===== Source material =====

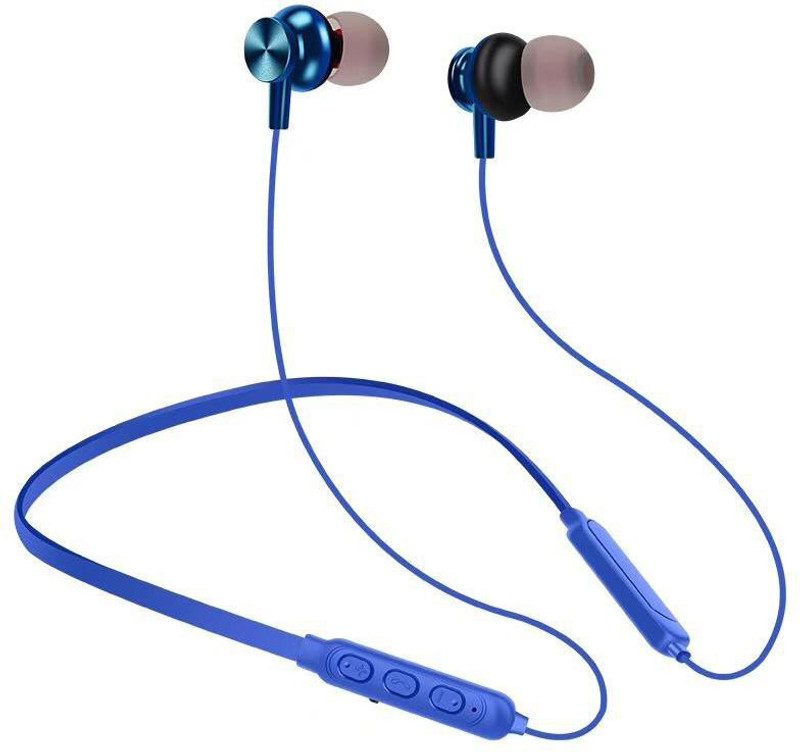 digibuff SI-HP17 Neckband Bluetooth Wireless Earphone Bluetooth Headset with Mic(Blue, In the Ear)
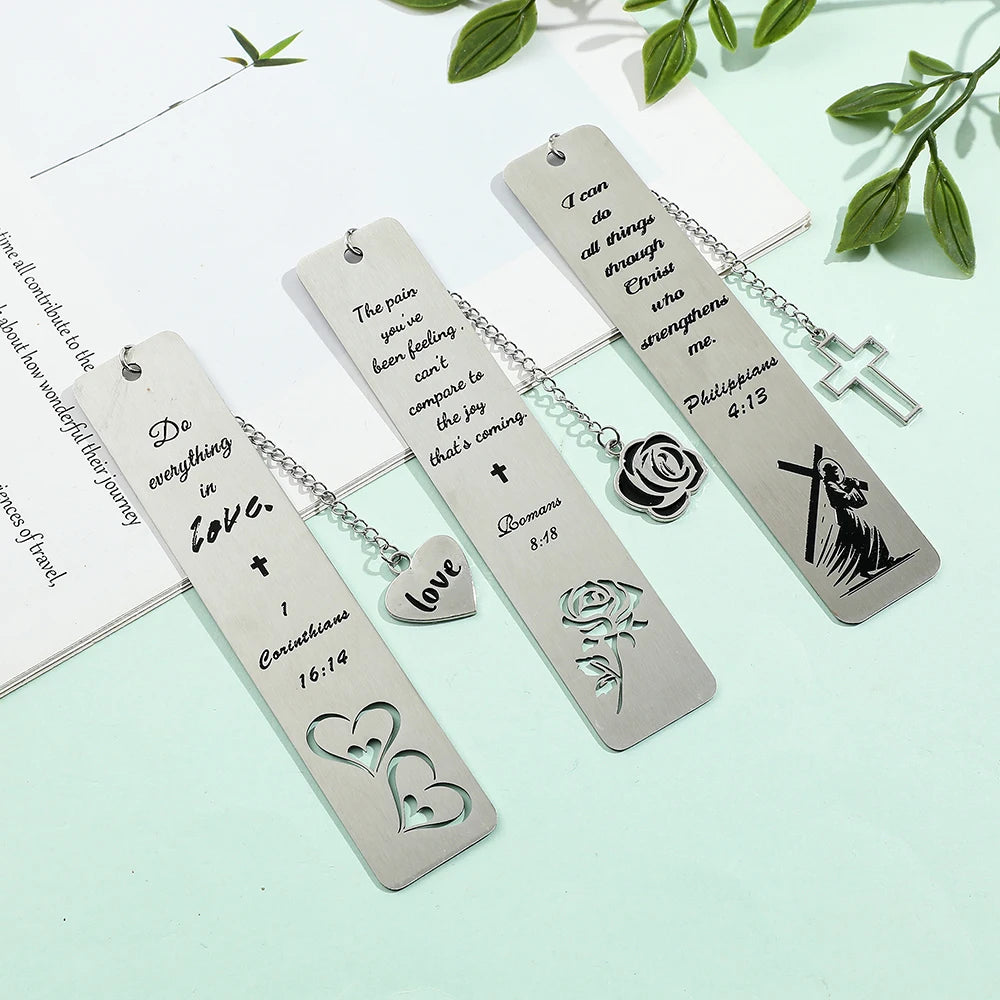 Cross Charm Metal Bookmark – Faith-Inspired Gift Divina Constitutio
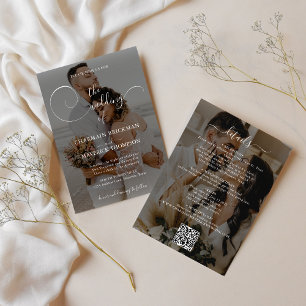 Invitation 2 Photo Overlay Budget Qr Code Mariage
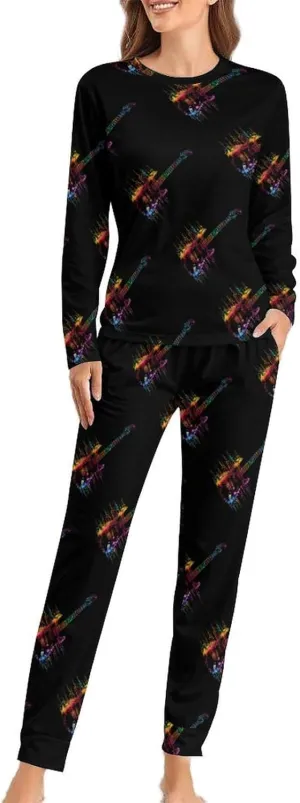 Tie Dye Guitar Heartbeat Womens 2 Pieces Pajama Sets Long Sleeve Sleepwear Loungewear PJs Sets with Pockets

=====

(Task description): Once the line containing "Invitation 2 Photo" is found, write it out exactly along with every line after it through the end of the listing, excluding pictures.

(Task output):
 Invitation 2 Photo Overlay Budget Qr Code Mariage
 Tie Dye Guitar Heartbeat Womens 2 Pieces Pajama Sets Long Sleeve Sleepwear Loungewear PJs Sets with Pockets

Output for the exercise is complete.